Microsoft’s efforts to bring Windows to the 32-bit ARM platform began back in October 2012 with the introduction of Windows RT, an edition that shipped with the first Surface tablet, the Lenovo Yoga 11, the Samsung Ativ Tab. The company’s intention was to take advantage of the ARM’s power efficiency to enable longer battery life, thinner mobile designs, and to provide a “reliable” experience over time.
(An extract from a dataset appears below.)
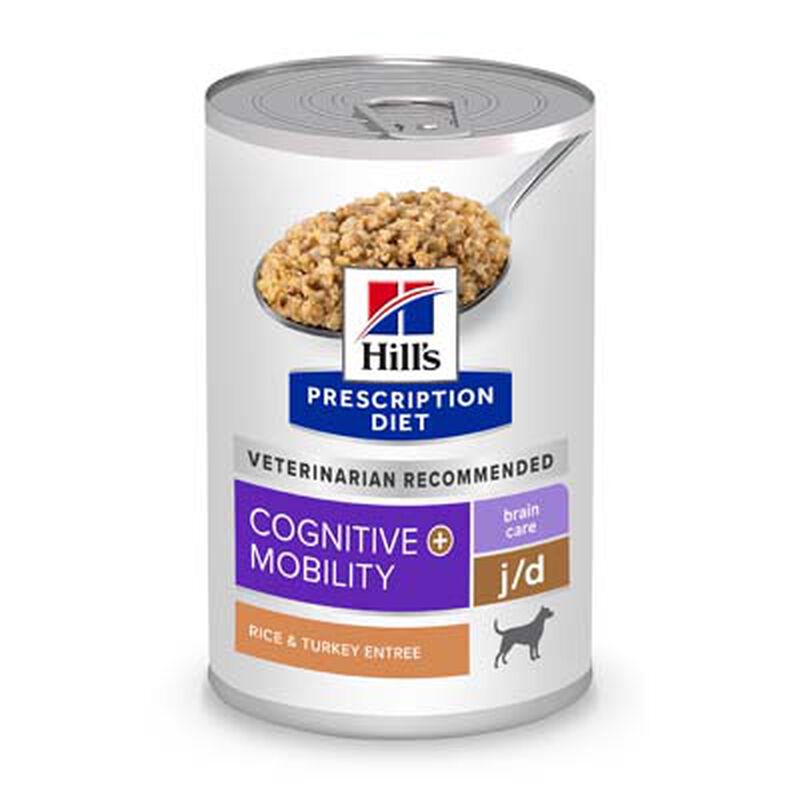 Hill’s Prescription Diet Brain Care + j/d Joint Care Rice & Turkey Wet Dog Food image number NaN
The last Microsoft-branded device with an ARM-based processor was the Surface 2, released in October 2013 and featuring Windows RT 8.1. But despite looking and behaving like its traditional x86-based counterpart, Windows RT had many limitations. For one, it could only execute software that was digitally signed by Microsoft, and it did not include many developer-oriented features. This led to general criticisms that Windows RT lacked a broad software ecosystem, given the early state of the Windows Store at the time and its incompatibility with existing Win32 software. Then in November 2013, just a month after the Surface 2 released, the company announced at the UBS Global Technology Conference that it would be discontinuing Windows RT due to its poor adoption.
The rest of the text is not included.